> **AVAILABLE DATA**
※
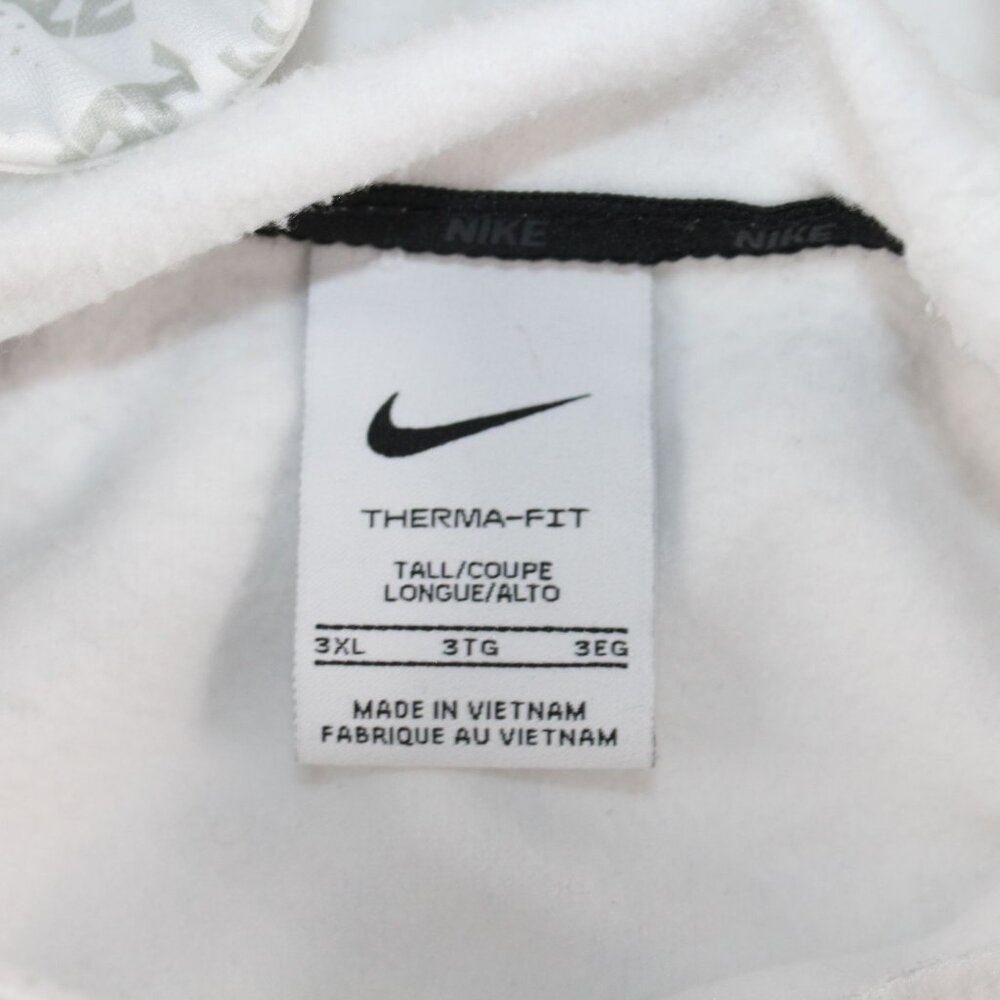 Nike Therma Fit 3XL All Over Print White Gray Hoodie Nike Spell Out Streetwear - Picture 12 of 16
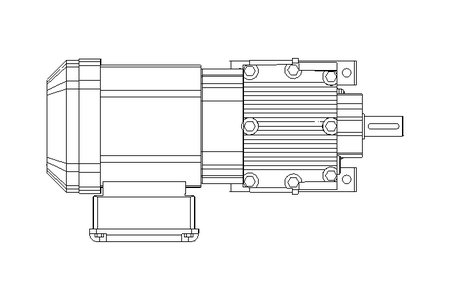 Motorreductor coaxial 0,37kW 70 1/min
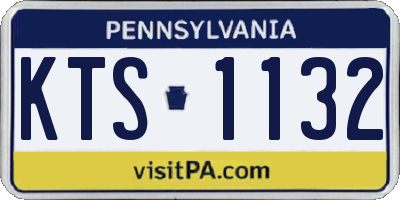 PA license plate KTS1132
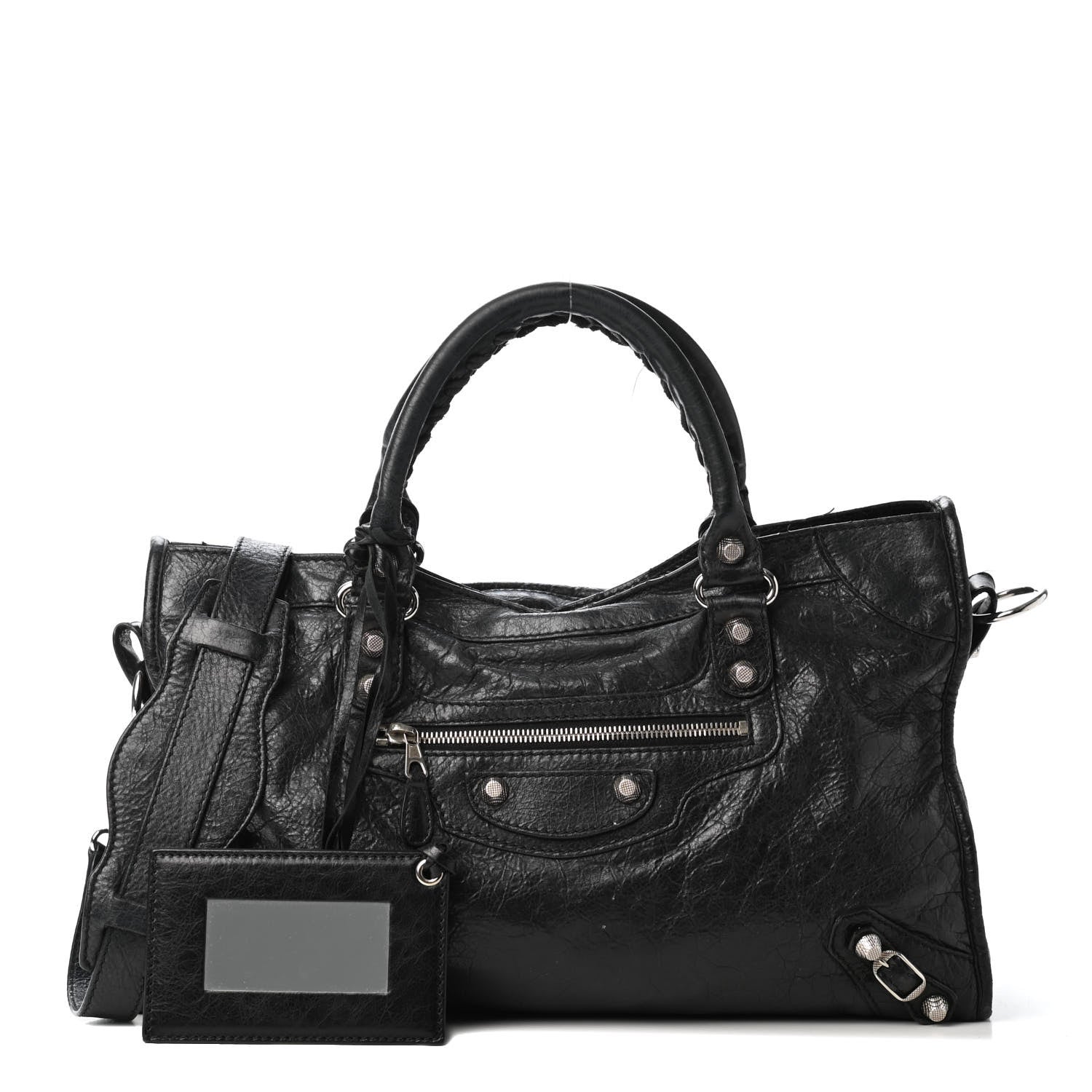 Balenciaga Agneau Giant 12 Silver Hardware City Black 1 of 4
※
> **ABOUT THIS EXERCISE**
All lines from the one containing "Motorreductor coaxial 0,37kW 70 1/min" through the end of the data are to be restated exactly, with nothing else and without the pictures.

> **THE ANSWER**
 Motorreductor coaxial 0,37kW 70 1/min
 PA license plate KTS1132
 Balenciaga Agneau Giant 12 Silver Hardware City Black 1 of 4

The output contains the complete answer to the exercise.